Hurricanes created unique challenges for colonists in the British
Greater Caribbean during the seventeenth and eighteenth centuries.
These storms were entirely new to European settlers and quickly
became the most feared part of their physical environment,
destroying staple crops and provisions, leveling plantations and
towns, disrupting shipping and trade, and resulting in major
economic losses for planters and widespread privation for slaves.
Matthew Mulcahy examines how colonists made sense of hurricanes,
how they recovered from them, and the role of the storms in shaping
the development of the region's colonial settlements.

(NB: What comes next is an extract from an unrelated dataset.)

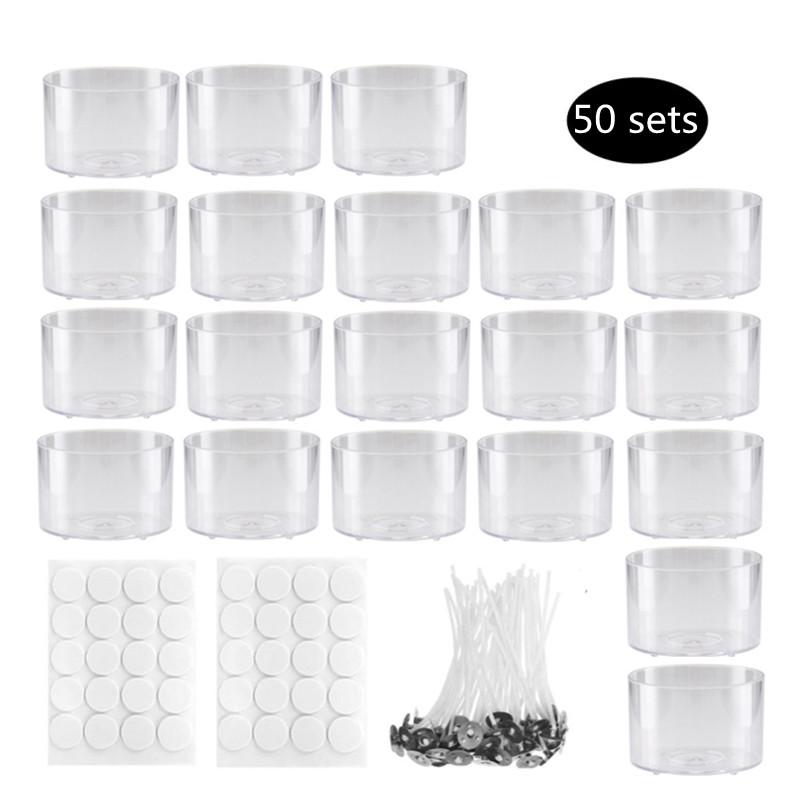 

50 комплектов круглых форм для свечей в форме сердца, баночка для чайных свечей, пустой корпус, пластиковые прозрачные стаканчики, набор для рукоделия, восковая банка для изготовления свечей
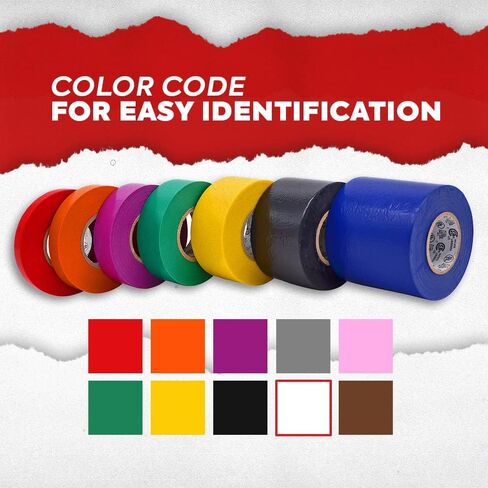 MAT Professional Grade Wide Electrical Tape Blue - 1 inch x 66 ft. UL/CSA listed core - Waterproof, Flame Retardant, & Strong Rubber Based Adhesive for Use At No More Than 600V & 176F in Saudi Arabia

"Path-breaking and original... Mulcahy has creatively exploited
the paper trails left by major seventeenth- and eighteenth-century
hurricanes as probes into changing social relations in the British
Caribbean." -- American Historical Review
"A rich and engaging study. Readers of Hurricanes and Society in
the British Greater Caribbean will add hurricanes to the list of
characteristics that define the early modern Caribbean: sugar,
slavery, disease, war." -- William and Mary Quarterly
"Mulcahy's vivid descriptions of Caribbean hurricanes, their
impact on colonial economic and social life, and their effects on
the larger Atlantic world is a most valuable contribution to the
recent number of books on disasters in history." -- Environmental
History
"This book will interest not only scholars interested in how
past groups have addressed the challenges of new environmental
phenomena but also those interested in how people have learned or
failed to learn from these events and how many of the fears and
misconceptions of the past still shape and distort our viewsof
disasters today." -- Hispanic American Historical Review
Matthew Mulcahy is an associate professor and chair of the
History Department at Loyola College in Maryland.